Kritik an der europäischen Agrarexportpolitik hat EU-Kommissionspräsident Jean-Claude Juncker geübt. Ein Umstülpen der EU-Agrarpolitik an sich, hält er aber für unmöglich. Stattdessen ruft er die Mitgliedstaaten zu mehr Entwicklungshilfe auf.
Die EU-Agrarpolitik als Fluchtursache für Menschen aus Afrika abzustempeln hält EU-Kommissionspräsident Jean-Claude Juncker für zu kurz gesprungen. „Viele wissen, dass es unmöglich sein wird, die EU-Agrarpolitik völlig umzustülpen, daher wird diesem Aspekt besondere Aufmerksamkeit geschenkt“, sagte Juncker in einem Interview mit der Tiroler Tageszeitung. Aus seiner Sicht ist das Argument vorgeschoben. Dennoch sieht Juncker in der Agrarexportpolitik der EU Veränderungsbedarf. „Wahr ist, dass wir in Sachen europäischer Agrarexportpolitik einiges überdenken müssen“, sagte er weiter.

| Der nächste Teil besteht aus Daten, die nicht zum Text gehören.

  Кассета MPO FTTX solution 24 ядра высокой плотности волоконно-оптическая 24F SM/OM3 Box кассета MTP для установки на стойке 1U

Um die Entwicklung der Landwirtschaft auf dem afrikanischen Kontinent zu unterstützen, setzt Juncker auf einen Treuhandfonds, um Betriebe anzusiedeln. „Wir haben einen Treuhandfonds von 44 Milliarden Euro aufgelegt, um kleine und mittlere Betriebe dazu zu bringen, in Afrika zu investieren, damit die Menschen vor Ort Arbeit finden. Wenn die Mitgliedstaaten, was sie versprochen hatten, auch 44 Milliarden aufbrächten, könnte man nicht nur reden, sondern etwas tun“, so Juncker. Die EU-Mitgliedstaaten forderte er zu mehr Konsequenz beim Einzahlen in den Fonds auf. „Stattdessen wird von allen Regierungsdächern Europas herabgeschrien, dass wir uns um die Fluchtursachen in Afrika kümmern müssten“, sagte Juncker.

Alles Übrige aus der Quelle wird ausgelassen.